CLEARING HURDLES
Riley points to continued excellence by J’can youngsters in obstacle event
FOR THE third year in a row, the ISSA/GraceKennedy Boys and Girls’ Athletics Championships’ Class Two 100metre hurdles record has fallen.
On Saturday, March 30, Ackera Nugent of Excelsior High School advanced the standard to 12.91 seconds. Her victory and high levels of participation in hurdling events has Excelsior head coach David Riley seeing bright days ahead.
“You can’t bank on hurdles, but when your top hurdler comes through, it’s great, and we continue to develop in that area”, Riley reviewed after Nugent had sped home in 12.91 seconds to rewrite the mark set last year by Ray-Donna Lee of Hydel High at 12.95.

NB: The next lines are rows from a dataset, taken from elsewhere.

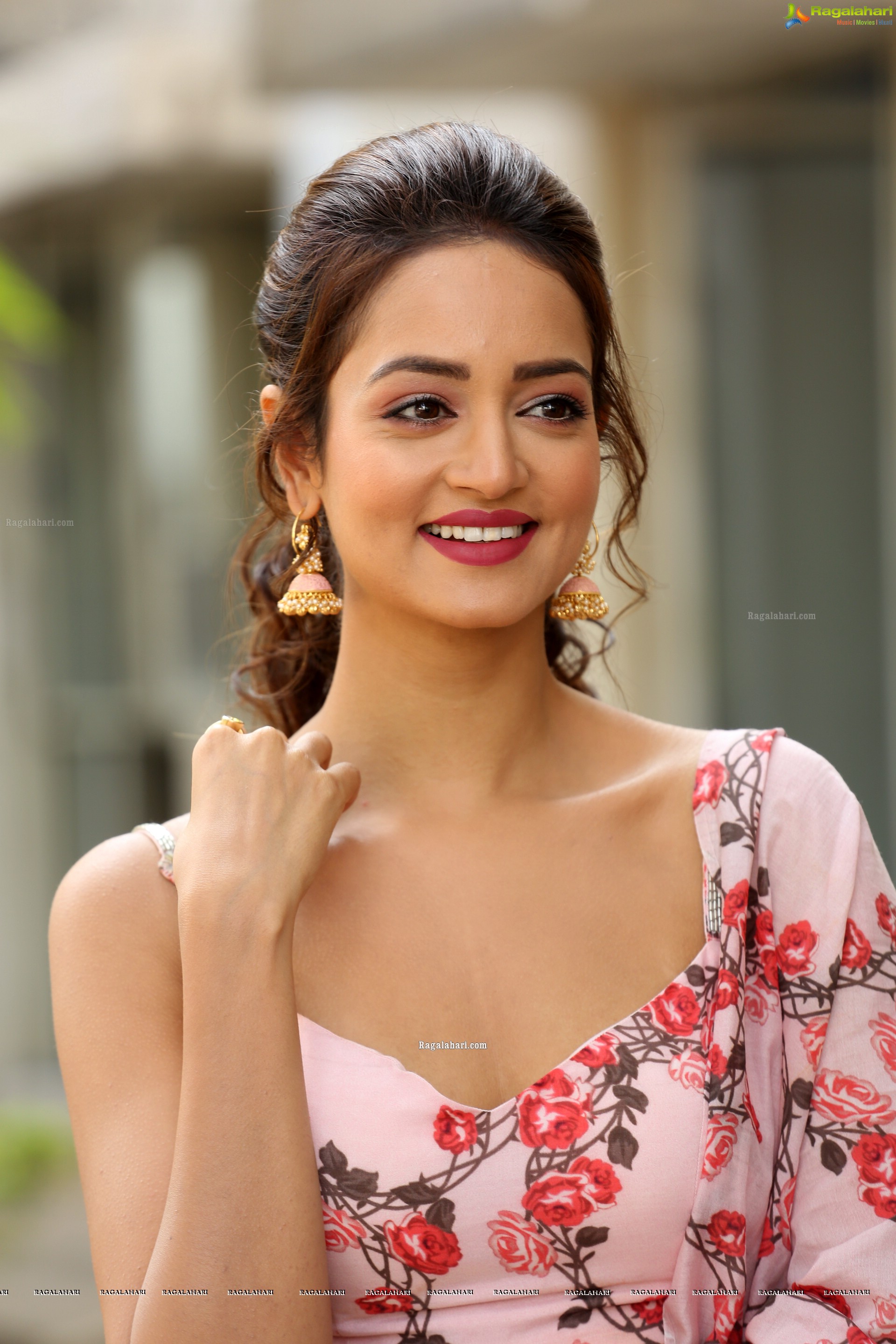 Shanvi Srivastava at Athade Srimannarayana Press Meet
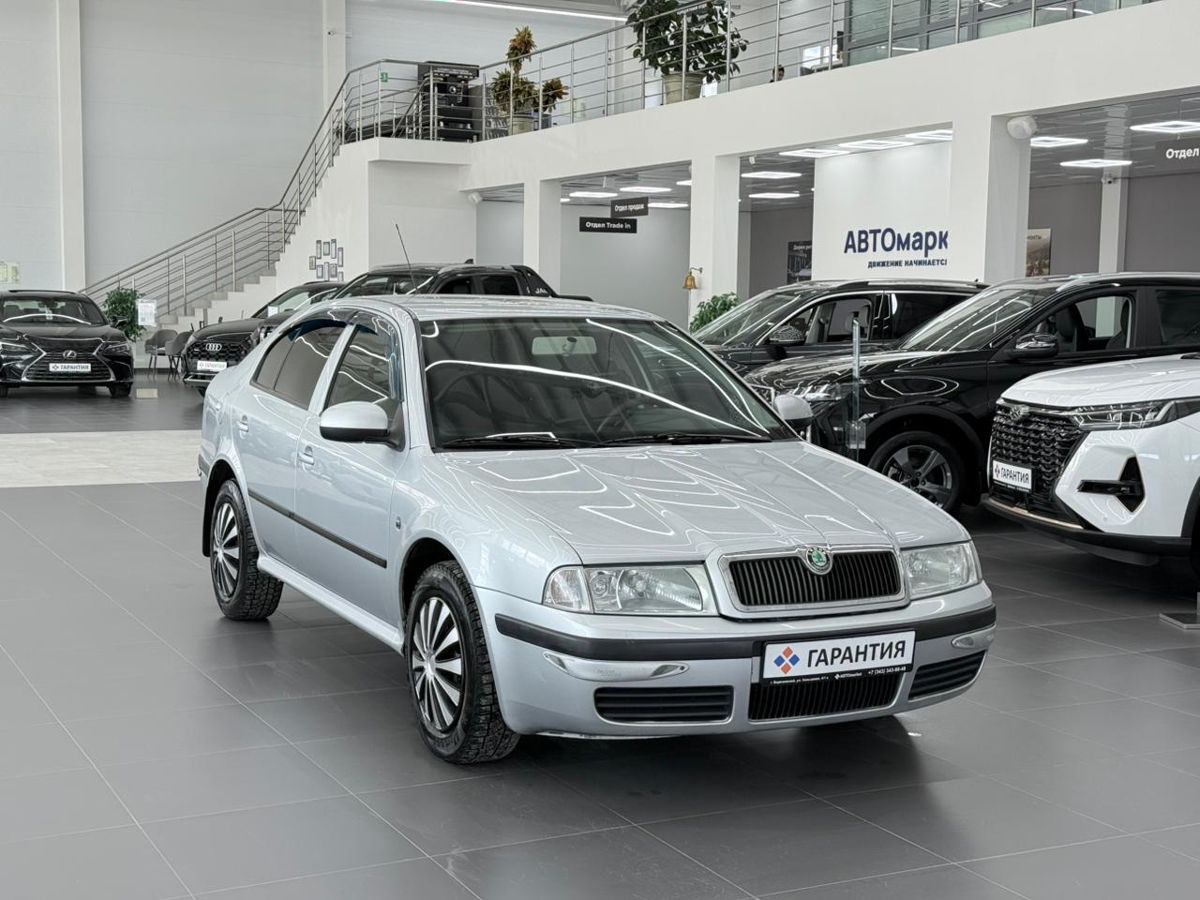 Skoda Octavia II (A5) Рестайлинг 1.4 MT (80 л.с.) Active 2010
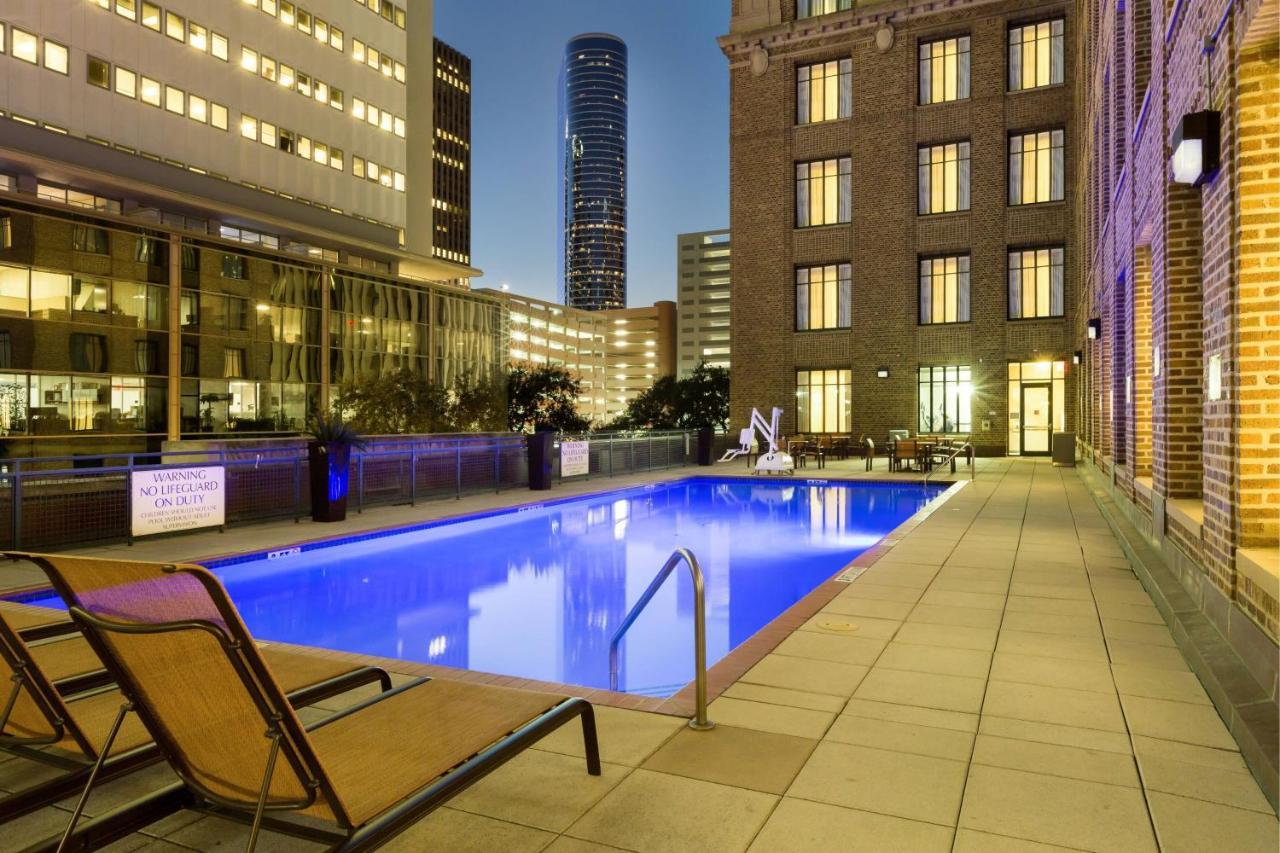Courtyard Houston Downtown Convention Center Hotel Екстериор снимка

“We do have the technical expertise, and it’s good that a lot more coaches are coaching the event and more athletes are being exposed,” he said of his Excelsior coaching staff and of Jamaica in general.
The victory marked a remarkable rise for Nugent, who had not won at Champs before. Confident after gaining a silver medal at last year’s Youth Olympics, Nugent had set a world Under-18 best of 12.87 seconds earlier this season. Before Saturday, her best Champs result was silver in the 2017 Class Three 800-metre hurdles behind St Jago’s Crystal Morrison.
Morrison was second to the Douglas Williams-coached Nugent in Saturday’s record race.
PARTICIPATION SURGE
Reminded that Brittany Anderson, then of Vere Technical High School, set the record at 13.04 seconds in 2017, Riley agreed that the movement means Jamaica is on the move in the sprint hurdles.
“Yes, and most of these kids don’t have a full flight of hurdles to train with, you know, so hurdle endurance is not something that they practise a lot and so it’s all positive, all positive stuff.”
Riley pinpointed a surge in participation in hurdles by the boys.
“That just speaks to the number of persons that are participating and once you have numbers, you must have somebody rising to the top.”
The continued surge saw Vashaun Vascianna of St Jago High School lowering his own Class Two 110-metre hurdles record to 13.26 seconds, and Wayne Pinnock of Kingston College clipping the Class One record down to 13.06 seconds. In addition, all seven of the Boys and Girls’ Championships sprinthurdling records were broken in 2017.
Each of the records for boys were shifted in 2018, with Pinnock’s fine performance advancing the Class One record for the third time in a row, as Calabar’s Dejour Russell had moved the record to 13.21 in 2017 and 13.10 seconds in 2018.